Fernando Pessoas „Buch der Unruhe“ könnte ein Dokument der Entfremdung sein – und erscheint doch eher als eines der Überheblichkeit und Herablassung. Ein Gedankenspiel.
Ich dachte eigentlich, „Das Buch der Unruhe“ von Fernando Pessoa könnte mich interessieren. Aber jetzt bin ich von dessen Beschreibung als „von Überheblichkeit getriebene Sammlung misanthropischer Miniaturen“ abgestoßen.
Die eigene Subjektive kann natürlich zu einem Gefühl der Entfremdung von den Anderen führen, die uns wegen unserer „Krabben- und Langustengedanken“ (wie Jean-Paul Sartre das in „Der Ekel“ nennt) als Außenseiter sehen. Aber das darf niemals zu Überheblichkeit führen wie scheinbar bei Pessoa.*
Klar, sind andere Menschen oft befremdlich. Aber sie sind grundsätzlich nur genauso falsch und dafür genauso richtig wie wir selbst. Außer freilich da, wo sie oder wir intolerant, herablassend, diskriminierend oder gegen Gleichberechtigung sind.

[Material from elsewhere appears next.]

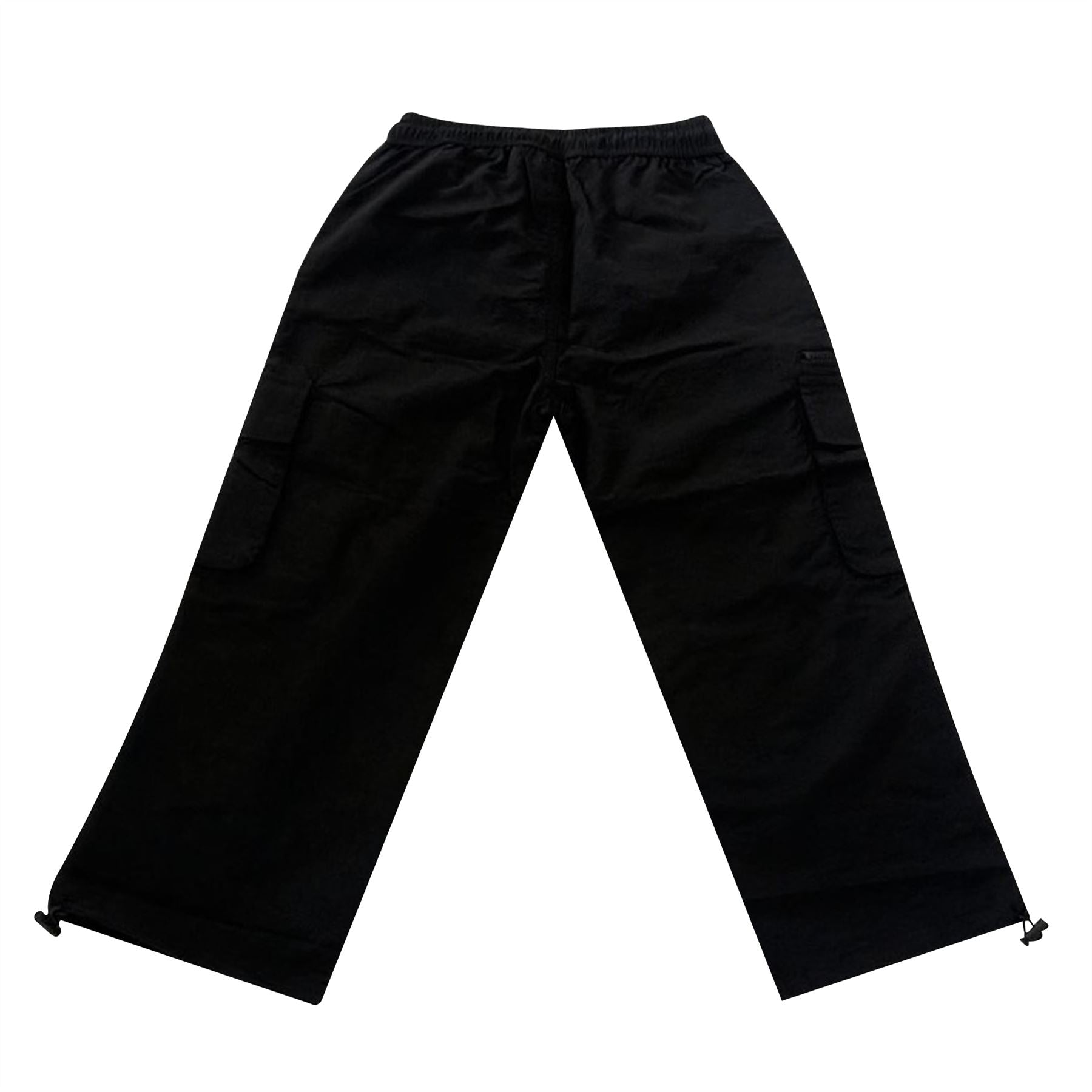 A2Z 4 Kids Boys Girls Cargo Trousers Nylon Utility Pants Adjustable Hem Drawcord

Menschen ist prinzipiell mit Nachsicht zu begegnen.
Ja, ich war als Heranwachsender und junger Erwachsener auch überheblich. Diese Überheblichkeit war die einzige Überlebensstrategie gegen das entwürdigende Mobbing, ein Schutzwall. Damit ist diese Überheblichkeit vor allem Ausweis eines mangelnden Selbstwertgefühls.
Die Frage ist, ob es überhaupt eine andere Überheblichkeit gibt.
Die Aufgabe gegenüber dem „Buch der Unruhe“ wäre aus diesem Blickwinkel, dem Gefühl der Entfremdung und dem Außenseiterdasein ohne Überheblichkeit Ausdruck zu verleihen.
* Inwiefern Bernando Soares, der Erzähler des „Buches der Unruhe“, ein eigenständiges lyrisches Ich oder ein Heteronym Fernando Pessoas ist, bleibt in der Forschung umstitten. Pessoa ist jedenfalls wie Costa Brochado, mit dem er im Artikelfoto abgebildet ist, ein radikaler Antidemokrat.